Resolutions. You either love them or hate them. And, apparently, whichever opinion you have….feelings can be strong! However, even those who shun resolutions often embrace goals, themes or words for the year that help them focus. Very similar – but somehow different. Just what is it that makes us hesitant to formulate resolutions? Or goals? Or even new beginnings?
I’m sure the answers are many. Very many. And this post is not necessarily about resolutions – either yea or nay – but more about change. To state and then embrace a resolution, or a new goal, implies change…and to some degree or another, all of us resist change. Some change is good – even exciting. But other changes tend to challenge us (and, often, those are the ones we need resolutions for!)
Change often requires effort. Work – even hard work. That is easy to see in efforts to change our weight, to eliminate debt or correct bad habits. But sometimes the work is mental or emotional…and we just do not want to commit to the effort needed. I get that. Not to make an excuse to avoid necessary change but I do understand and appreciate that change involving a lot of work can be daunting. And exhausting.
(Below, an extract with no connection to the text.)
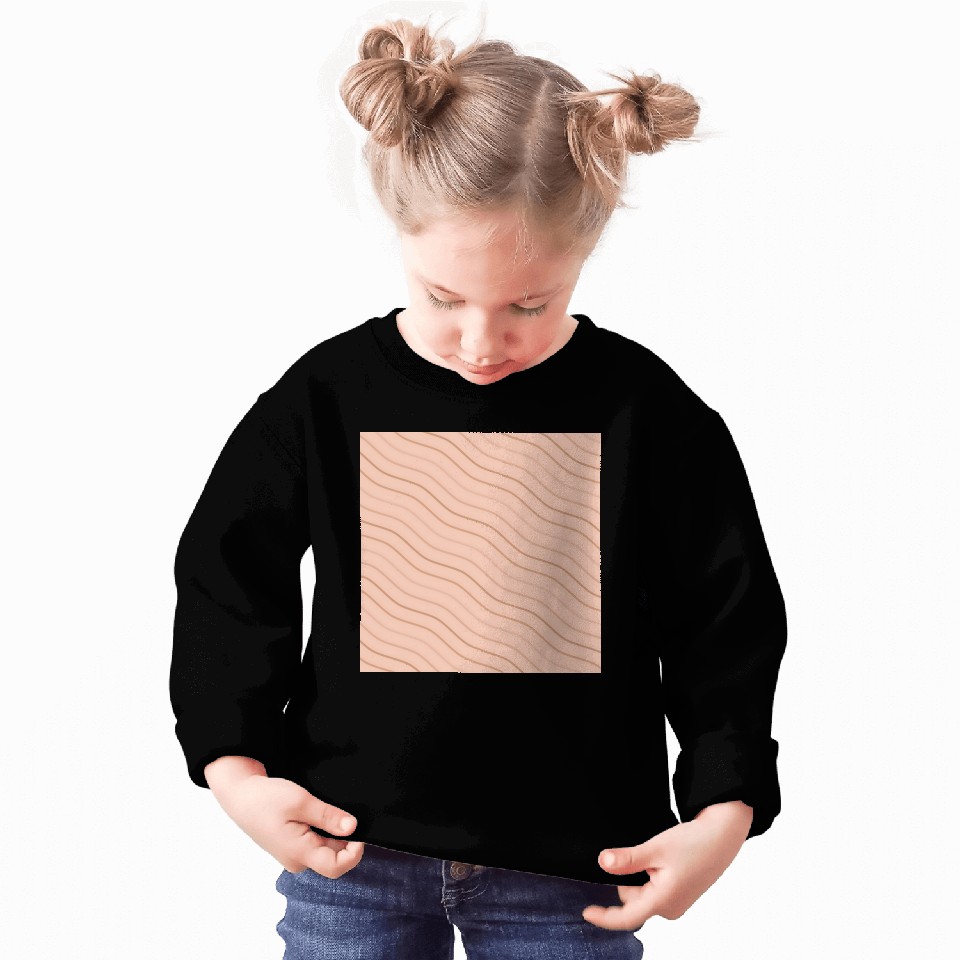 Peach and Brown Wavy Line Pattern Design Sweatshirts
Another obstacle to change is the real focus of my post today, and that is the idea of “the closed door.” Change – certainly life-altering change – usually requires at least one door to be closed. And closed permanently. The door closed might be a long-held dream. It might be a season or even a way of life. Like I mentioned earlier, some closed doors might be exciting….when a bride closes the door to single life, for instance. Others might involve a sense of anticipation – waiting to see what new doors open – a sense of fear or maybe a mixture of both. Of course, some doors are closed with great sorrow, regret, grief, and even pain.
What do we do once the door is closed? You’ve probably heard the saying, “When one door closes, another door opens….” but do you know the rest of Alexander Graham Bell’s famous quote? He said, “When one door closes, another door opens, but we so often look so long and so regretfully upon the closed door, that we do not see the ones which open for us.” We have to resist staring at the closed door.
Once we realize the need for change, and for a door to close, we can begin to anticipate not only what God can do but what He wants to do. He has plans for our future. For our next season, next chapter, next open door. To be sure, the next door does not always open immediately. That is where I have found myself – for longer than I had imagined. Waiting for new doors to open. But even in the waiting, there is blessing. There is growth and there is evidence of God’s faithfulness.
As 2020 begins, I am anticipating open doors. Looking forward to them. And I want to be not only ready but eager to walk through each new door that Christ opens in the months ahead. Do you have doors you are waiting to open?